I still consider myself a teacher and a mentor first and foremost, so I want to leave you with the lessons I have learned in this nontraditional journey into life after graduate school.
First, as someone who has many interests, it’s hard to decide on one thing to specialize in (I am strongly resistant to it); so if you must specialize, look for fields that are central to many others where you can pursue the adjacencies in parallel. I planned for this early on in choosing mathematics as my field of study, but what I didn’t realize is that the pressure to specialize increases the longer you stay in technical fields. I have found success in “specializing” in linear algebra, dynamical systems, and mathematical statistics. (Don’t skip out on the probability and statistics courses!

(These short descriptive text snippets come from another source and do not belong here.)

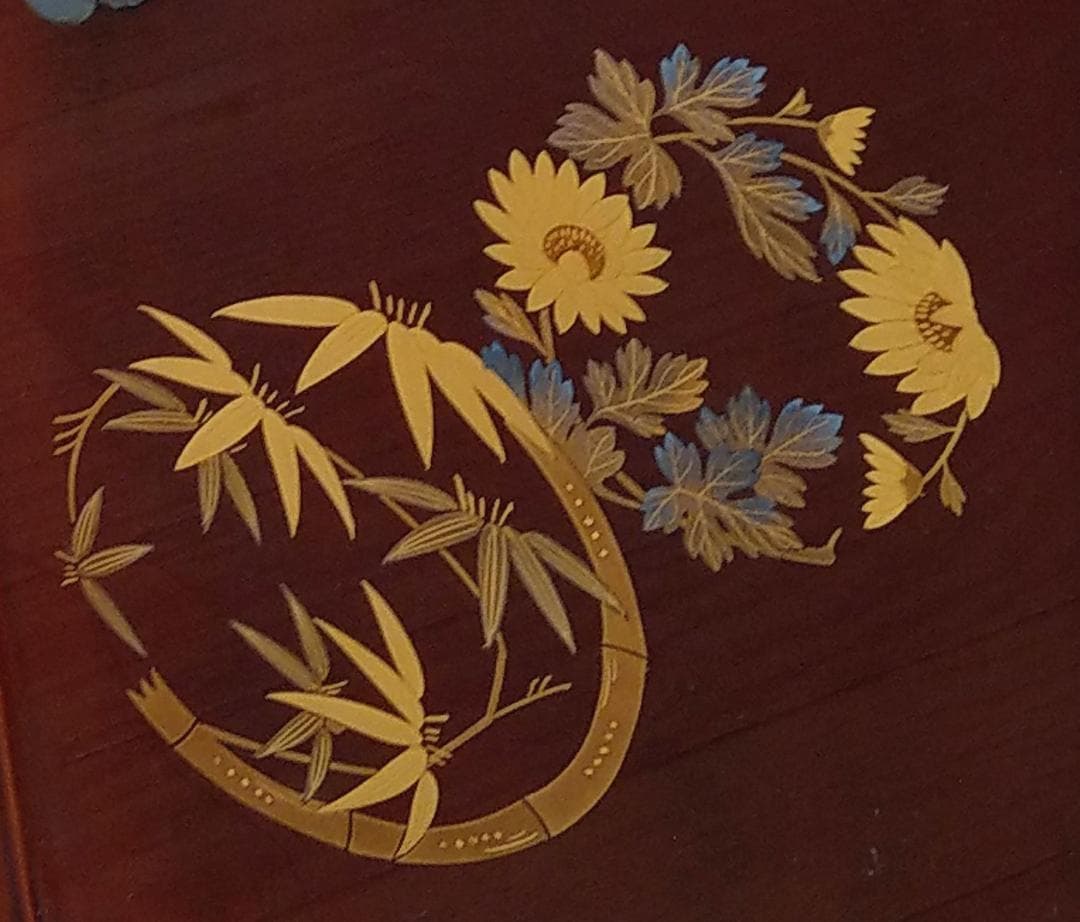 美品 輪島塗 蒔絵師 山本幸三郎作 朱漆 金彩 四季の草花蒔絵 小棚 茶道具棚物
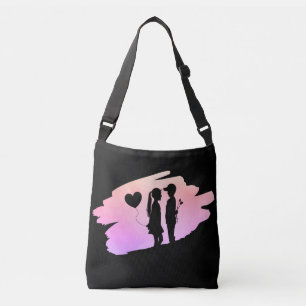 Bolsa Ajustável Jovem Menina De Amor E Garoto Silhueta Bag De Corp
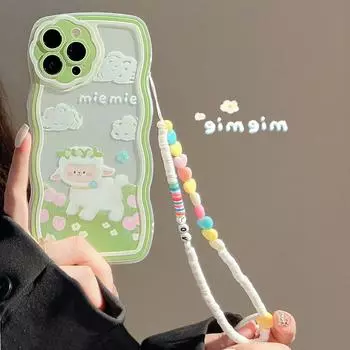 Волнистый браслет с милым мультяшным овечьим лугом, 3d чехол для телефона, силиконовый чехол для Iphone 13 Pro Max 12 11 X Xr Xsmax 8 7 Plus, чехол For iphone 12pro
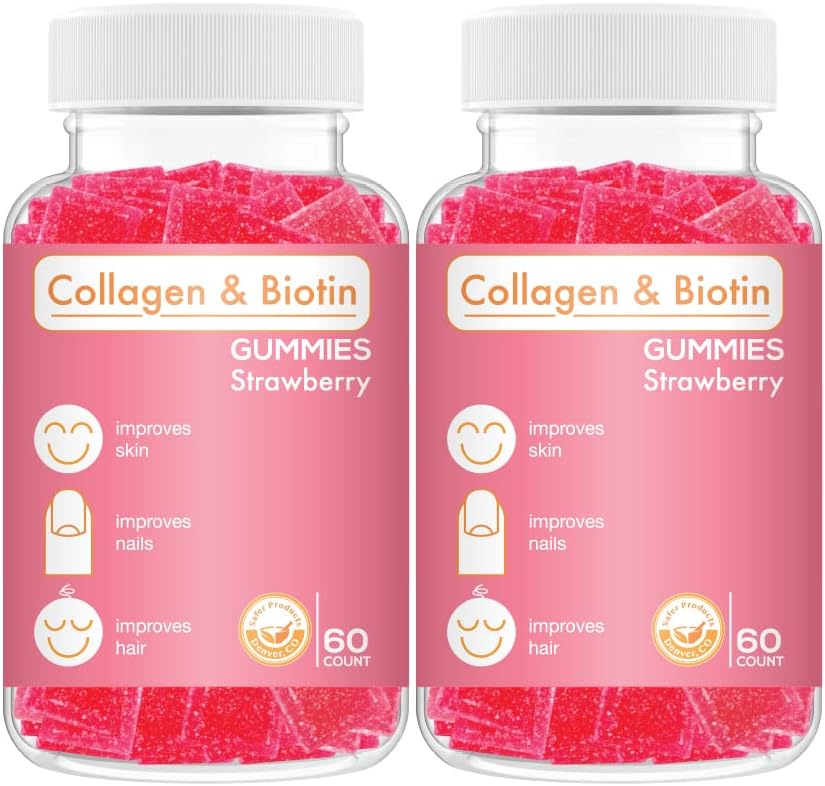 Collagen Biotin Gummies - Supports Hair, Skin & Nails Hair Growth Anti Aging Care Chewable Gummy Vitamins, Vegan, Non-GMO, Gluten Free, Gelatin Strawberry Flavor 120 Count, Pink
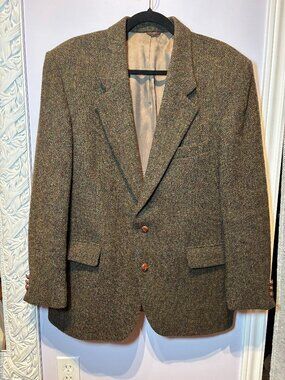 Vintage Harris Tweed Green Wool Jacket in 42 Regular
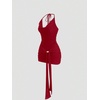 image:imageFloerns Womens Sexy Halter Draped Neck Ruched Tie Front Mini DressesDark Red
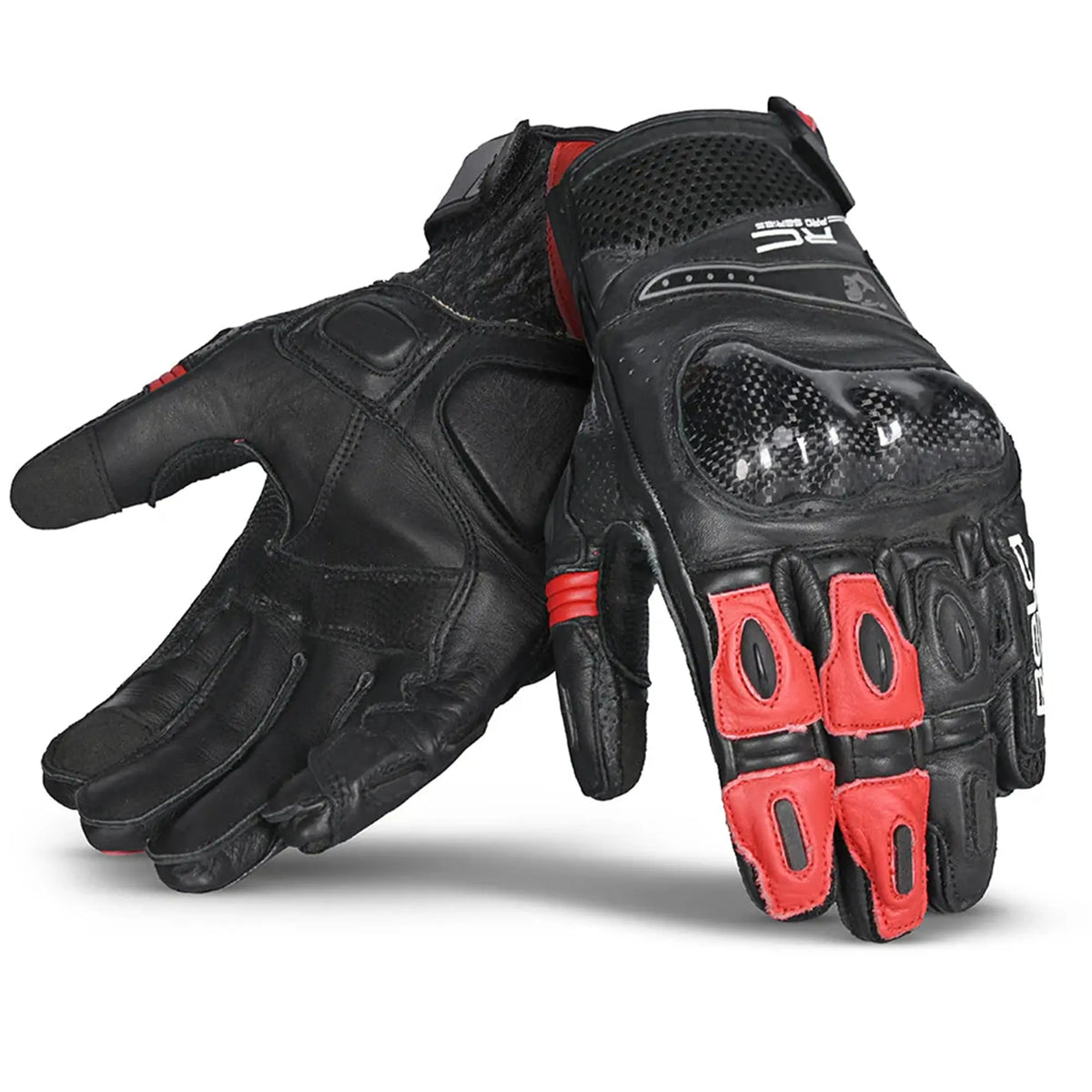 Bela Rocket Short Rossa/Nero Guanto da Motociclista 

I did, and it’s biting me hard now.)
Second, sometimes you need to take a step back to move forward. It was difficult for me to step away from the allure of a tenure-track position, but it ultimately made me happier and led to a diversity of study that made me more marketable for future opportunities. If you find that you want to press forward through resistance, you will find a way to do it. This is the subtle difference in the confidence in ability and the confidence in navigating uncertainty. Both paths require the courage to act, but passion can be a strong motivator to see your choice through.
Finally, quit telling yourself that there is a “right way” to do this. Sure, there are traditional paths, but that doesn’t mean there aren’t others that could work for you, too. I hope that my story gives you some solace that, whatever direction you choose from here, there are opportunities to receive you. They may not be what you expected, but they can often be what you need. I can advise you to be open to the possibilities, but that’s all advice is: advice, which you can choose whether or not to take.
I can’t wait to see where I go from here.